§ Work instructions:
Retype exactly the lines below, starting with the line that contains "Penuhi Panggilan Penyidik" and ending with the last line; leave out any pictures.

§ Supplied data:
══════

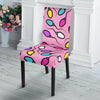 Sperm Anatomy Pattern Print Chair Cover-grizzshop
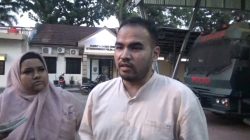 Penuhi Panggilan Penyidik Polda Jambi, Anggota DPRD Rendra Ramadhan: Saya Dikeroyok 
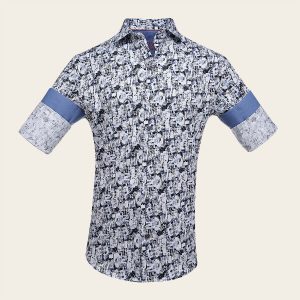 Camisa Cuadra para caballero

══════

§ Result below:
 Penuhi Panggilan Penyidik Polda Jambi, Anggota DPRD Rendra Ramadhan: Saya Dikeroyok 
 Camisa Cuadra para caballero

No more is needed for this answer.